Desde hace casi 10 años, el médico tucumano Miguel Ardiles reside en Mandal, una localidad balnearia al sur de Noruega, a 450 kilómetros de Oslo. Ayer, LA GACETA lo contactó para conocer cómo reaccionó la sociedad ante los atentados.
"La reacción de la gente es de shock. Todo Noruega está conmocionada, es algo totalmente increíble. Primero lo de la bomba en los edificios gubernamentales, que instaló el caos; toda la tranquilidad de la zona se transformó en un campo de guerra en unos segundos, la onda expansiva destrozó cientos de ventanas de todos los edificios cercanos, las columnas de humo y las imágenes por televisión mostraban la gente en shock, corridas y pánico por todos lados. Luego llegó la tragedia en la isla donde el Partido Laborista suele tener campamentos para jóvenes; había alrededor de 700 personas, fue este individuo y los masacró.", relató por Internet, en respuesta a las preguntas que se le enviaron desde la redacción del diario.
- ¿Qué consejos e instrucciones han dado las autoridades?
- Que la gente abandone el centro y que se quede en sus casas. Noruega es un país pacífico, y no está acostumbrado a este tipo de violencia. Nadie se lo imaginó. Noruega está en el tratado militar de la OTAN y, por ende, tiene el compromiso de prestar colaboración en los países en conflicto. Por ello, participa especialmente en mantener el orden y en brindar ayuda humanitaria en distintos frentes.
- ¿Qué cambia para los noruegos y para el mundo a partir de ahora?

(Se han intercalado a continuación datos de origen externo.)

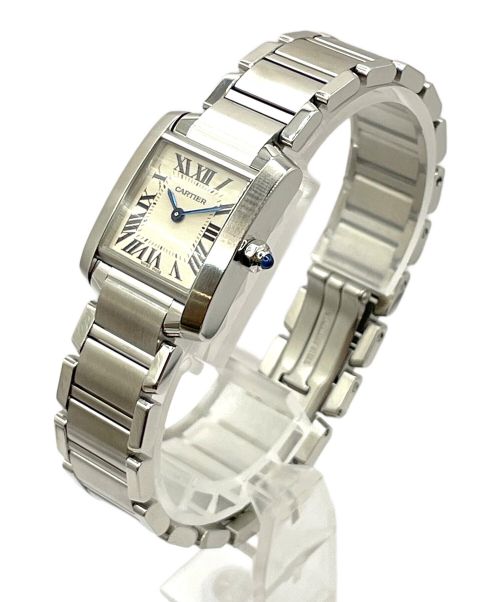 Cartier（カルティエ）Cartier (カルティエ) タンクフランセーズSM アイボリー文字盤 サイズ:SMの古着・服飾アイテム
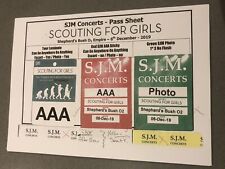Scouting For girls Music Pass Sheet For Show Purpose Only.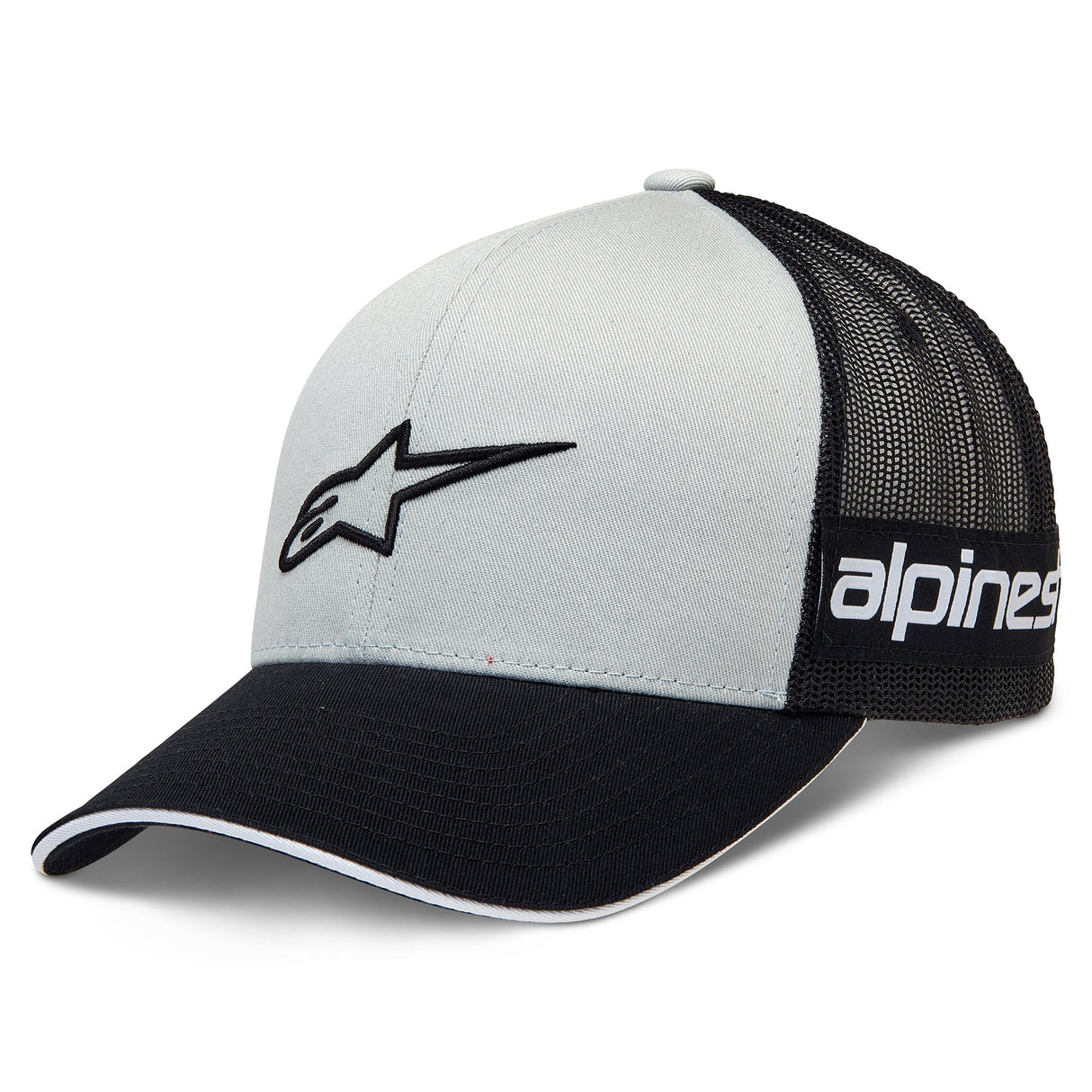 Alpinestars Back Straight Hat - Silver/Black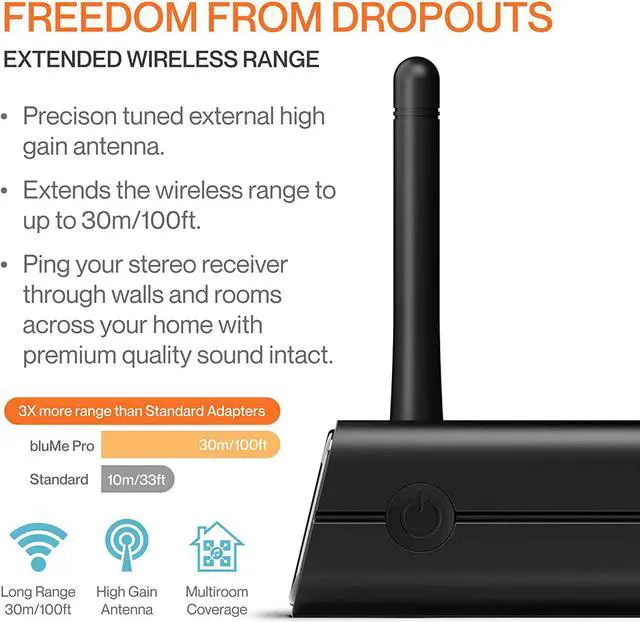 Alt view image 6 of 7 - HiFi Bluetooth 5.3 Music Receiver Long Range Bluetooth Adapter with Audiophile DAC, LDAC, aptX HD, OLED Display & Optical Coaxial AUX Output for Home Stereo, AV Receiver or Amplifier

- Naturalmente esto influye en el alma de los noruegos, pero acá se tiene una tradición muy fuerte de paz y orden, de diálogo y de respeto por la humanidad, de la fuerte conducta de solidaridad que el país siempre ha mostrado hacia el mundo. No creo que esos valores varíen; al contrario, se insta a que todos nos unamos, a que mostremos el dolor por los que sufrieron tanta pérdida.
- ¿Cómo están viviendo esta situación su familia y sus vecinos?
- Vivimos lejos de Oslo, en una ciudad de playas, típica de verano. Pero en un país que tiene 4,6 millones de habitantes, este acto de violencia conmovió a todos.